Mais la magistrate est effacée de l’histoire par Sophia Chikirou, qui réserve ses flèches à ce magistrat « tendance PS, soutien de Hollande, proche d’Alain Rousset [président de la région Nouvelle-Aquitaine, où Dominique Blanc a travaillé un temps comme juriste – ndlr] ».

La députée insoumise est très virulente à son égard (...)

Mais une fois de plus, ce qu’avance la députée de Paris ne résiste pas à l’examen des faits.
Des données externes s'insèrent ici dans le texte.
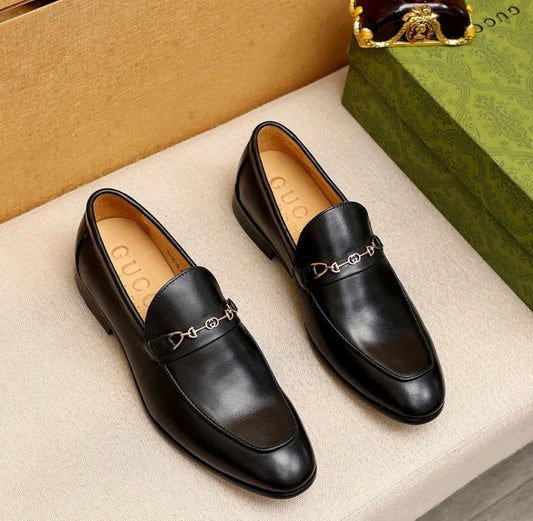 Leather Loafers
Et pour une raison simple : Dominique Blanc n’est plus chargé de l’affaire depuis septembre 2022, et ce n’est donc pas lui qui a mis en examen Sophia Chikirou, mais deux magistrates.

Les attaques répétées de Sophia Chikirou contre Dominique Blanc ont par ailleurs ceci d’étonnant que plusieurs cadres de La France insoumise avaient applaudi une précédente décision prise par le même magistrat dans le dossier. (...)

Un journaliste de « Libé » condamné ?

Dans sa charge à la sulfateuse contre des médias qui ont enquêté sur ses pratiques, Sophia Chikirou s’en est pris à un journaliste de Libération, Jérôme Lefilliâtre (aujourd’hui au Monde), qui aurait été reconnu coupable de « diffamation de “bonne foi” » par un tribunal. « Déontologiquement, on peut se demander s’il est normal qu’il continue d’écrire sur la députée… », peut-on lire sur le site de Sophia Chikirou.

Poursuivis pour un article publié en 2018, Libération et son journaliste ont, au contraire, été relaxés le 14 mai 2021 par le tribunal correctionnel de Paris, qui a donc donné tort à la parlementaire mélenchoniste.

Contrairement à ce que semble sous-entendre Sophia Chikirou, un journaliste a le droit de révéler des faits dérangeants pour quelqu’un, à condition qu’il ait les éléments pour ce faire (...) (...)

Pour information, Sophia Chikirou n’a jamais poursuivi Mediapart.